Keywords

1 Introduction

The data mining process takes a data set as the input and generates the patterns (such as the association rules, the classification rules) as the output [5]. In fact, the data mining process can create hundreds and thousands of patterns. The determination of the most useful patterns can be performed by using the interestingness measures to calculate the actual value of the patterns. The interestingness measures play an important role in mining data, regardless of the type of patterns. They can be used for: (1) - pruning the unattractive patterns during the data mining process to narrow the search space and thus improve the efficiency of mining. For example, a threshold on the support measure can be used to remove patterns with low support values during mining process; (2) - ranking the patterns according to their interestingness values; (3) - filtering the interesting patterns during the post-processing. If the interestingness measures are good, the cost of time and space in mining data will be reduced. Each interestingness measure characterizes a certain aspect of the data set, therefore, the users should select the appropriate measure meeting their needs, calculate the interesting values of the patterns in the selected measure, and then extract the useful patterns.

The interestingness measures can be divided into two categories: subjective measures and objective measures [2, 11]. The subjective approach evaluates the patterns by using the target, the knowledge, and the belief of user. The objective approach uses the statistical characteristics of the patterns to evaluate the interestingness. The second approach is only based on the raw data and does not require knowledge on the users or the application. Most interestingness measures are the objective interestingness measures. The objective interestingness measures are studied, surveyed by many independent group of authors, and at different times, such as Tan et al. in 2004 [10], Geng et al. in 2006 [1], Huynh et al. in 2008 [1], Heravi et al. in 2010 [8]; Grissa et al. in 2012 [7]; and Tew et al. in 2014 [12]. However, these studies just focus on the measures suitable for their own research orientation, and often focus on the common measures. For example, Huynh at el ranked 40 objective interestingness measures with sensitivity values; and Tew et al. focused on an analysis of the rule-ranking behavior of 61 well-known interestingness measures.
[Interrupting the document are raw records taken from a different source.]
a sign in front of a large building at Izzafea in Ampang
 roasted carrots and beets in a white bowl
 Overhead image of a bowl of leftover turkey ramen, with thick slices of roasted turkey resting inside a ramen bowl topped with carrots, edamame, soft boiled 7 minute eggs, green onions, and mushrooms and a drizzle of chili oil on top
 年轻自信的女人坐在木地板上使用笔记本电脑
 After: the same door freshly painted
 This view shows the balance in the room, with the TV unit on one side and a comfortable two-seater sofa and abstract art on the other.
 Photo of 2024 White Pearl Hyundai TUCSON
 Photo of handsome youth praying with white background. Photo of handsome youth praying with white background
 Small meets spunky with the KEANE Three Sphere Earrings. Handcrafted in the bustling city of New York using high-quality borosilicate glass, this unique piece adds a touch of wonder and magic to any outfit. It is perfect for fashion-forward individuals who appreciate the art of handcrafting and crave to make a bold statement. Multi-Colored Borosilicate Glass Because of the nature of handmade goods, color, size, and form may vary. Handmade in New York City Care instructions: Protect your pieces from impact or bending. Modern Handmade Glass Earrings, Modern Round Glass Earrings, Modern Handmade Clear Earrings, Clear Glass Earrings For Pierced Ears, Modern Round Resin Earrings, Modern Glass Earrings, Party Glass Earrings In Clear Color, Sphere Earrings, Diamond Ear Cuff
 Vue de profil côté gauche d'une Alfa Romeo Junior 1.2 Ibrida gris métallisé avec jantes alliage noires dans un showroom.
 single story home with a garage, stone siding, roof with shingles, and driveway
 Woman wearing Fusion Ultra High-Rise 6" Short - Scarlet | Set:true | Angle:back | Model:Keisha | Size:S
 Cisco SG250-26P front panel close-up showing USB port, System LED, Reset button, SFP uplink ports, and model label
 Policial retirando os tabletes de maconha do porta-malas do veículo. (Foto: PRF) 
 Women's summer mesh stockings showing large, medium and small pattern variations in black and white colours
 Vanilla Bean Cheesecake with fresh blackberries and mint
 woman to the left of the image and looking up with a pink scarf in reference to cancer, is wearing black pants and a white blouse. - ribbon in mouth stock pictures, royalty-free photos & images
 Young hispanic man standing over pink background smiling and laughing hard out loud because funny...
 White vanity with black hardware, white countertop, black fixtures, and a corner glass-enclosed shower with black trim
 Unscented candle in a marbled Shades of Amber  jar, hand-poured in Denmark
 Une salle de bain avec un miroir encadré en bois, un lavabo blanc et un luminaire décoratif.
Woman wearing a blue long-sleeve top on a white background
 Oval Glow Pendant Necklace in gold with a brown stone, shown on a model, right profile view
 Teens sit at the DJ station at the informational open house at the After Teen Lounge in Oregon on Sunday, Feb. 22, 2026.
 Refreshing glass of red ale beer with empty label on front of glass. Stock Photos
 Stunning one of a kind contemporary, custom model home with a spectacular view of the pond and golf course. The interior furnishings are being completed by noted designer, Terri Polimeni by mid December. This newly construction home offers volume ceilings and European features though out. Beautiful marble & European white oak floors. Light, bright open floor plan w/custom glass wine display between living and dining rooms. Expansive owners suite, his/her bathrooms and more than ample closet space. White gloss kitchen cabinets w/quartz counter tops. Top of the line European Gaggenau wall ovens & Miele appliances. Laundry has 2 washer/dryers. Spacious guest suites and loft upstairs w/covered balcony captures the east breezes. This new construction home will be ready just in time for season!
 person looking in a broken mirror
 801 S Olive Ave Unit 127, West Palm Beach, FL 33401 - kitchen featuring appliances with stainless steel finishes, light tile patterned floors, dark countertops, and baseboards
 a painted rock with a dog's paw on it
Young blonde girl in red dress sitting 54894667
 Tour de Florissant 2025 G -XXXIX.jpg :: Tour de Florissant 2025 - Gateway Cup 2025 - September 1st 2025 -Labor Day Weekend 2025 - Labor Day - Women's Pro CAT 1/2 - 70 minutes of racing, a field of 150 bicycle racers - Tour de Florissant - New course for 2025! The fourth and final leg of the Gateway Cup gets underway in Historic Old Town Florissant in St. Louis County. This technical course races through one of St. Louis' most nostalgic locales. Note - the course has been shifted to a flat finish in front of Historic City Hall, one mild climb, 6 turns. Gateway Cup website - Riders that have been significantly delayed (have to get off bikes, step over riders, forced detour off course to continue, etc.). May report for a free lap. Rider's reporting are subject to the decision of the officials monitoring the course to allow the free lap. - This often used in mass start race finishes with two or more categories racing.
Although, there are a lot of researches on the interestingness measures, there still exist some mistakes in some researches: (1) - cite the formula of some measures incorrectly (the formula is improper as it is presented in the original research); (2) - use a measure that is called by different names, but just mention one name and do not take a note (or do not know) the remaining names. The mistake or the omission could be repeated if the latter researches refer to and cite from the previous researches, thereby affecting the quality of research. Besides, at the present, there is no research that synthesizes the objective interestingness measures fully, especially the recently proposed measures. The synthesize of the objective interestingness measures will form a common, complete, and reliable reference system which enables the researchers to save a lot of time and effort when studying the association rules and the measures of data mining. Moreover, there is also no automatic tool that meets the following criteria: (1) - calculate the value of each association rule according to many objective interestingness measures; (2) - is created as a framework for quickly developing applications to detect the useful patterns, and then these applications can be easily integrated to the tool; (3) - is developed in R, a language and environment for the statistical computing and graphics. From this analysis, we propose a tool, named Interestingnesslab, to aggregate objective interestingness measures fully as well as provide the main functions as the framework for developing and using the objective interestingness measures.

This paper is organized into 5 parts. The first part is the introduction. The second part presents interestingness values. The third part describes the overview architecture of Interestingnesslab. The fourth part is core functions of the tool. The last part concludes this paper.

2 Interestingness Values

2.1 Objective Interestingness Measures

The objective interestingness measures used for evaluating the quality of patterns (i.e. the association rules in this paper) use statistics derived from data to determine whether an association rule is interesting. As mentioned in Part 1, there is no research that synthesizes the objective interestingness measures fully.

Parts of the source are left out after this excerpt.